Available records:
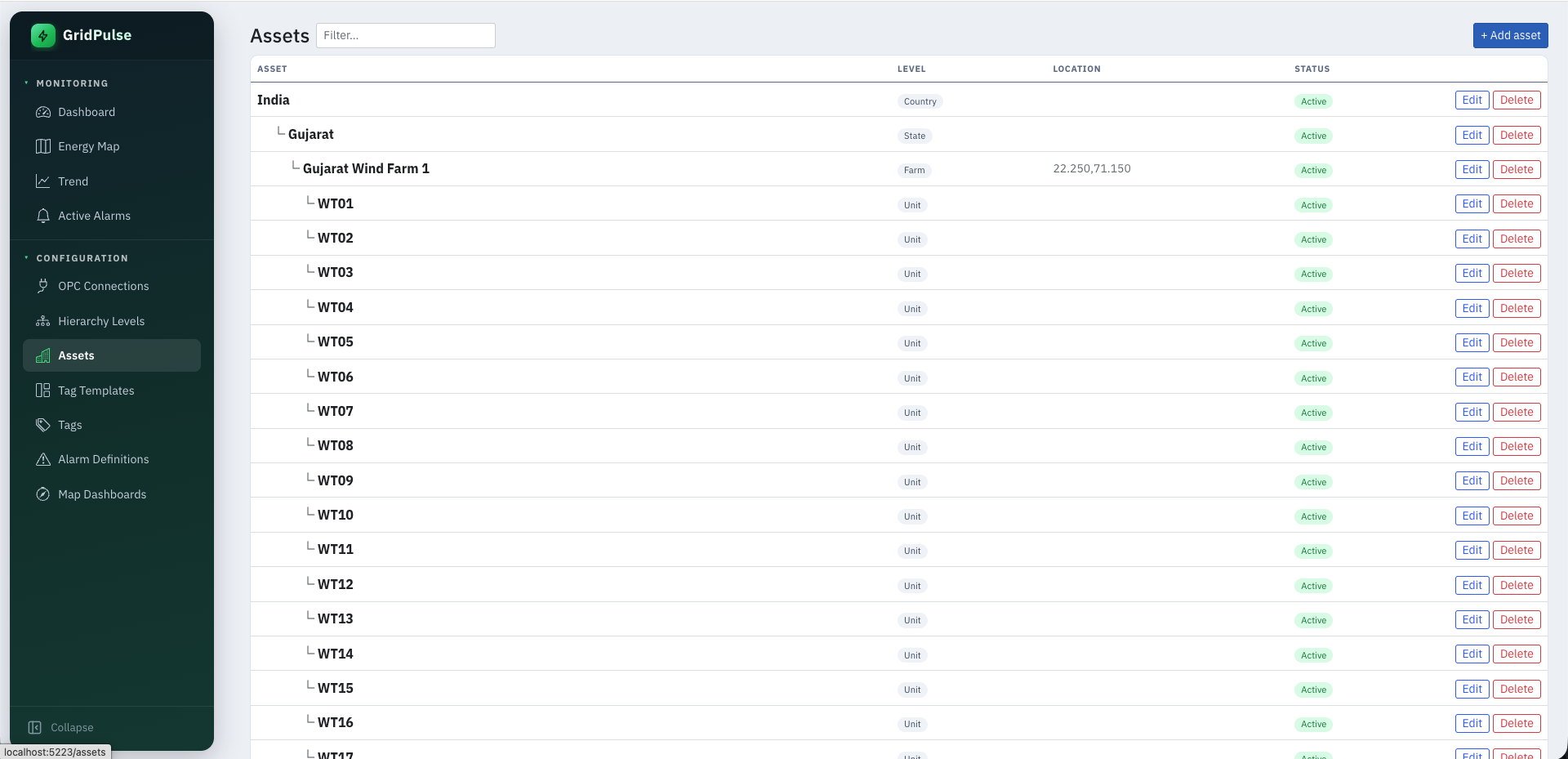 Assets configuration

...

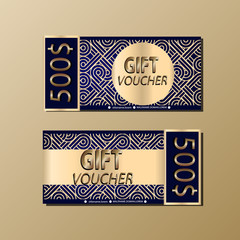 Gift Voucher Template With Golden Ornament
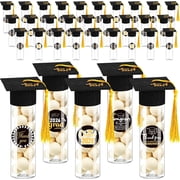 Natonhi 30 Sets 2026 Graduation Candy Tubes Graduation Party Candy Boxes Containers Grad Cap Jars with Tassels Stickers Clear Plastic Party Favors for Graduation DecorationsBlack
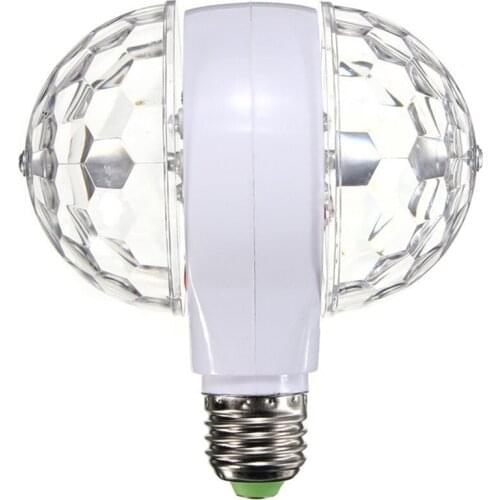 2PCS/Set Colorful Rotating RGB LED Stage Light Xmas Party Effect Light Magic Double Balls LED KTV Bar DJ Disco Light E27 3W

---

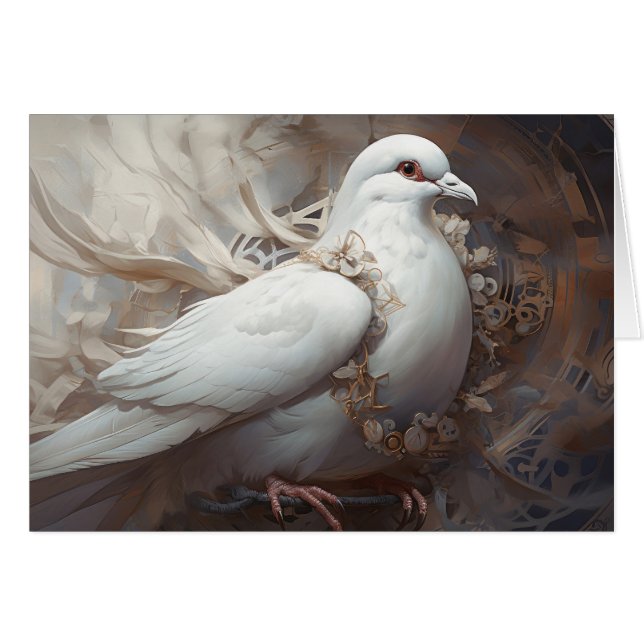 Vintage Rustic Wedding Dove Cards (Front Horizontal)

Try it: "Gift Voucher Template With Golden Ornament" marks the first line to copy, and "2PCS/Set Colorful Rotating" marks the last. Repeat that stretch above exactly, with no pictures.

Expected answer:
 Gift Voucher Template With Golden Ornament
 Natonhi 30 Sets 2026 Graduation Candy Tubes Graduation Party Candy Boxes Containers Grad Cap Jars with Tassels Stickers Clear Plastic Party Favors for Graduation DecorationsBlack
 2PCS/Set Colorful Rotating RGB LED Stage Light Xmas Party Effect Light Magic Double Balls LED KTV Bar DJ Disco Light E27 3W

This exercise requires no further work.